Esos dos objetivos son perfectamente viables, y solo se requiere la voluntad política, el compromiso y la perseverancia para lograrlos.
De la misma manera que existen Planes Nacionales de Desarrollo cada cuatro años, bien podría existir un gran Plan de Desarrollo Cultural y Educativo que sea una real prioridad nacional y que contenga una política integral y de largo plazo de educación y cultura orientada a la construcción de un entorno ético y a la recuperación de los valores que necesita para sobrevivir, pues los principios y valores se pueden enseñar, si ello se hace de manera persistente, masiva e intensiva. Se requeriría un esfuerzo grande y, como dije, una política de Estado de largo plazo. En el corto plazo se podría pensar, además de un revisión de programas educativos, en la posibilidad de orientar la publicidad institucional que oímos en la radio y vemos en la televisión hacia el logro de esos mismos objetivos; y también se podrían hacer compromisos con los medios de comunicación para que estos conviertan en causa propia la promoción de los valores del respeto y de hacer lo correcto.
De la misma manera se deberían fortalecer enormemente los esquemas de capacitación especializados para toda la administración pública, sacándolos de ese estado prostrado en que se encuentran hoy y elevándolos de jerarquía y de nivel, convirtiéndolos en obligatorios para cualquier nivel del servicio público. La meta sería, en últimas, la formación profesional y la inculcación del sentido de servicio público real y efectivo para que este sea el norte – valga la repetición - de todos los servidores públicos del país.
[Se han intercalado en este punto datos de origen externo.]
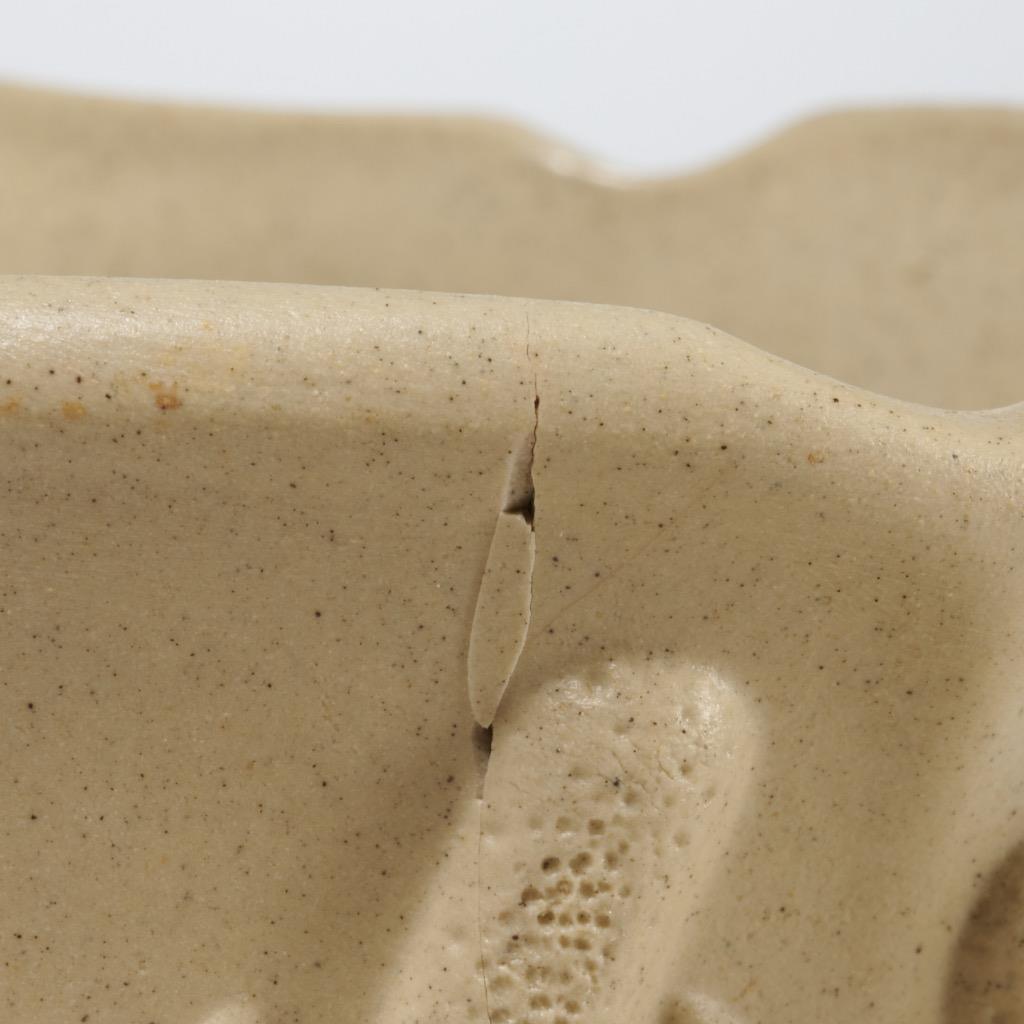 Ridgeway & Sons? Earthenware Bullrush Pitcher Jug 8″h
Concomitantemente con lo anterior el Estado debería revisar todos los requisitos que deben cumplir quienes aspiran a ser funcionarios públicos, inclusive los de elección popular, de tal manera que quienes lleguen a cargos de la administración estén preparados en las disciplinas que van a ejercer. Al fin y al cabo, la realidad nos ha demostrado que muchos de los casos que se presentan como corrupción, no son más que consecuencia del desgreño administrativo o de la simple ignorancia de las normas vigentes.
La lucha contra la corrupción no es fácil. Para triunfar se requiere un cambio de mentalidad y de cultura que solo puede ser promovido por el Estado. Requiere esfuerzos muy grandes y compromisos de corto, mediano y largo plazo. No basta con paliativos o con “medidas contra la corrupción”. Se necesitan políticas profundas y duraderas de restablecimiento de los valores y de mejoramiento de la administración pública.